Die derzeit schwächelnde deutsche Nationalelf schlägt sich durchaus in der Nachfrage nach deutschen Profis nieder. Lag sie in der Erhebung unter allen 25 Topligen noch an Position 9, so purzelte sie in den Top-5-Ligen auf Position 18 herunter. Deutsche Profis sind damit in den besten Ligen genauso nachgefragt, wie Polen und Iren (die gleichwohl primär in der Premier League unterkommen). Ja, der Vergleich hinkt etwas, da bei den Polen und auch den Iren fünf Ligen in Betracht gezogen werden, und bei den deutschen Profis ohne die Bundesliga nur vier.
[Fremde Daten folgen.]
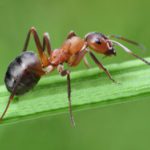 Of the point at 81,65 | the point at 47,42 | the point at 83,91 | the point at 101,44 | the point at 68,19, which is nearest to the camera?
the point at 83,91

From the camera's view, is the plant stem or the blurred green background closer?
the plant stem

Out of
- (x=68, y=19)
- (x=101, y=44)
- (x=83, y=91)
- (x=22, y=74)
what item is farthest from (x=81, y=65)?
(x=83, y=91)

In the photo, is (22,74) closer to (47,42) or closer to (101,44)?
(47,42)

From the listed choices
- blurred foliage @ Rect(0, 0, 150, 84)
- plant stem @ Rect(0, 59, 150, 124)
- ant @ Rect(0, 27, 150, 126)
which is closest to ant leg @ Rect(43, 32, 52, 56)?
ant @ Rect(0, 27, 150, 126)

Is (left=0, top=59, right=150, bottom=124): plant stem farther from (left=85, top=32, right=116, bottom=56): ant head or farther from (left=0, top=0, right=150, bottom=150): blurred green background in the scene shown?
(left=0, top=0, right=150, bottom=150): blurred green background

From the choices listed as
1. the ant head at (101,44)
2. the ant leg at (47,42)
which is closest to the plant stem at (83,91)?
the ant head at (101,44)

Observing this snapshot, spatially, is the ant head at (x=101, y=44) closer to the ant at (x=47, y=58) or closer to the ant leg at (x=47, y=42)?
the ant at (x=47, y=58) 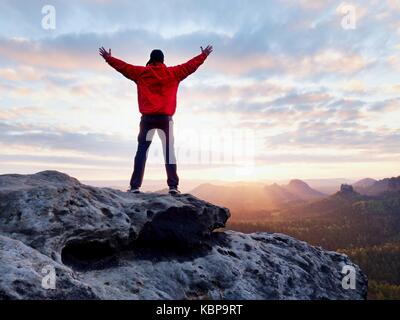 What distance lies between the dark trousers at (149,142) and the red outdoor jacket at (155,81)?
0.32 m

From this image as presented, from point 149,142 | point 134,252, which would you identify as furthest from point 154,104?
point 134,252

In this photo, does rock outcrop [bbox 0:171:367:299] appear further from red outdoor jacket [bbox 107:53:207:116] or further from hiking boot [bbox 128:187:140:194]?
red outdoor jacket [bbox 107:53:207:116]

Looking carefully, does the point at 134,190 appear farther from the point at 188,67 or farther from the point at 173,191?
the point at 188,67

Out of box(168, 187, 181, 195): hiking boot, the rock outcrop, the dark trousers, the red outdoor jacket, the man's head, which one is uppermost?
the man's head

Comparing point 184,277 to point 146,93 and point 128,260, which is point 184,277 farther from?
point 146,93

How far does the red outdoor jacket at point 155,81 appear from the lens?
1553 centimetres

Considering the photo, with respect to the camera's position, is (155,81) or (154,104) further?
(155,81)

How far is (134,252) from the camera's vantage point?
1330 cm

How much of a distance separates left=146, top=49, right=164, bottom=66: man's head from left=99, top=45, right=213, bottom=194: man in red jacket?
0.21 m

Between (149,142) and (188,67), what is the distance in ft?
11.0

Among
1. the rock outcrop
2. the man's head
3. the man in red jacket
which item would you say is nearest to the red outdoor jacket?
the man in red jacket

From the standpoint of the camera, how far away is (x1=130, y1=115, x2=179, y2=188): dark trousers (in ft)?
50.7

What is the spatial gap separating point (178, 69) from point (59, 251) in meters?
8.48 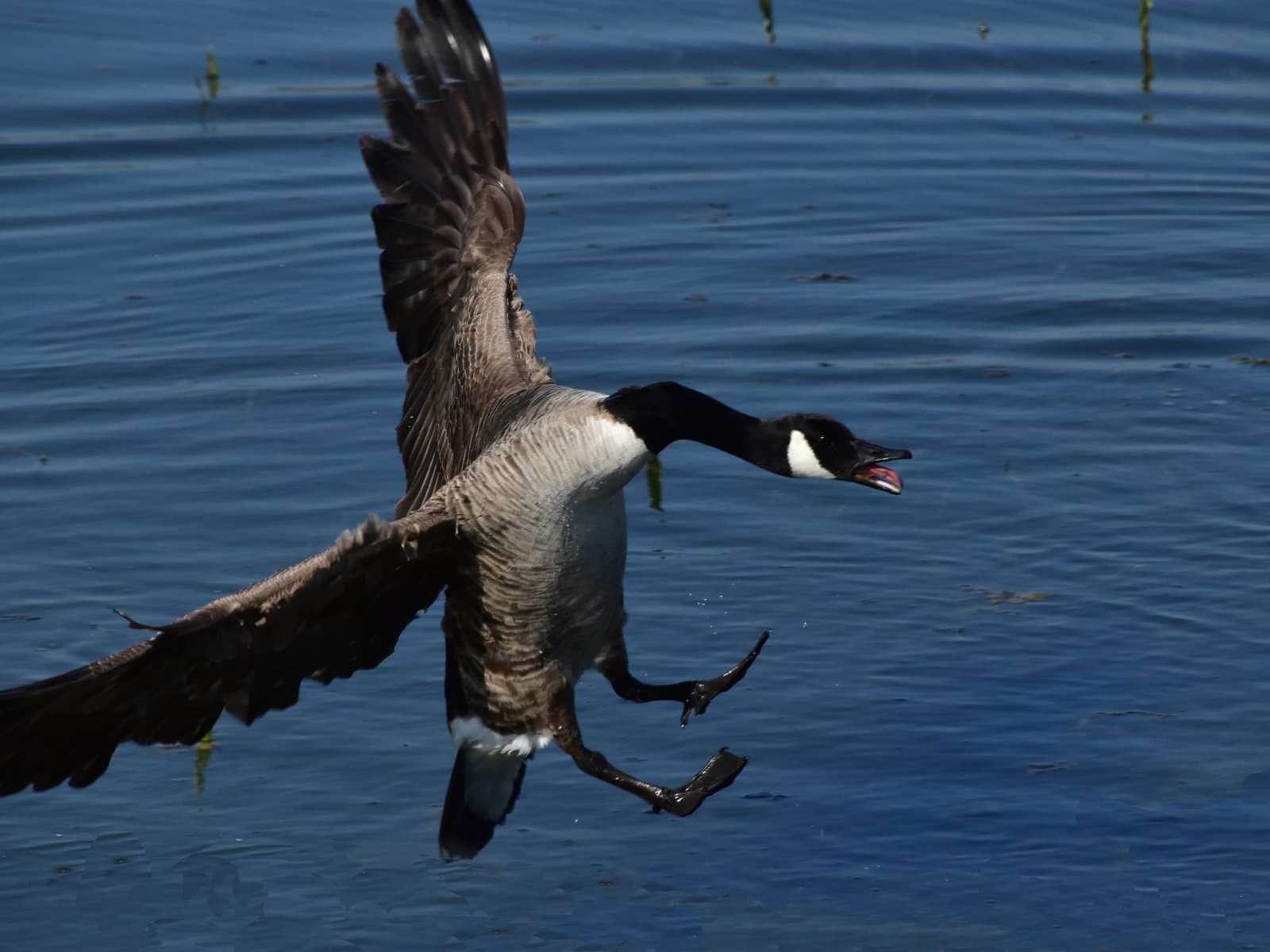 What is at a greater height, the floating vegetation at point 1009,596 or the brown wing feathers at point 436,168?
the brown wing feathers at point 436,168

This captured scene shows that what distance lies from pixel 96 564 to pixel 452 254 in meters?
1.81

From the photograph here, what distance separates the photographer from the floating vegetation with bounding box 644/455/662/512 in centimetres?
877

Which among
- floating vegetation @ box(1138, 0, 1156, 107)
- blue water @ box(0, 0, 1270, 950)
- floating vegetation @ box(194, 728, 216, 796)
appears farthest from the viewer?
floating vegetation @ box(1138, 0, 1156, 107)

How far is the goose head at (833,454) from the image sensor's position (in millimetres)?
5754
Dennoch zeigen die Beispiele Frankreichs (102 Legionäre) und Spaniens (64 Legionäre), dass diese deutlich mehr in den starken Ligen gefragt sind, als deutsche Profis. Ein Blick auf den durchschnittlichen Marktwert führt allerdings Erstaunliches zutage. Hier weisen die deutschen Legionäre um Marc-André Ter Stegen, Kai Havertz, Toni Kroos und Timo Werner den höchsten Wert (23,9 Millionen Euro) aller Nationen auf, gefolgt von den Franzosen (19,4 Millionen Euro) und den Belgiern (18,3 Millionen Euro). Selbst die hoch gewetteten englischen Auslandsprofis wie Jaden Sancho reichen da im Schnitt (16,9 Millionen Euro) nicht heran.

Morgen folgt der zweite Teil der Auswertung. Darin werde ich aufschlüsseln, woher die meisten Legionäre in der Premier League, der Bundesliga, der schweizerischen Super League oder auch der russischen Premier Liga kommen. Und ich werde nach Nationen aufzeigen, wo diese am meisten gefragt sind. In welcher europäischen Topliga kommen also die meisten deutschen Profis unter, in welcher die meisten Japaner, in welcher die meisten Albaner, in welcher die meisten US-Amerikaner und in welcher die meisten Brasilianer. Okay, das hatte ich oben schon angedeutet. Die meisten Brasilianer spielen in Portugals Oberhaus, der Liga NOS. Es sind unfassbare 142 (!!!), die sich auf die 18 Erstligaklubs verteilen.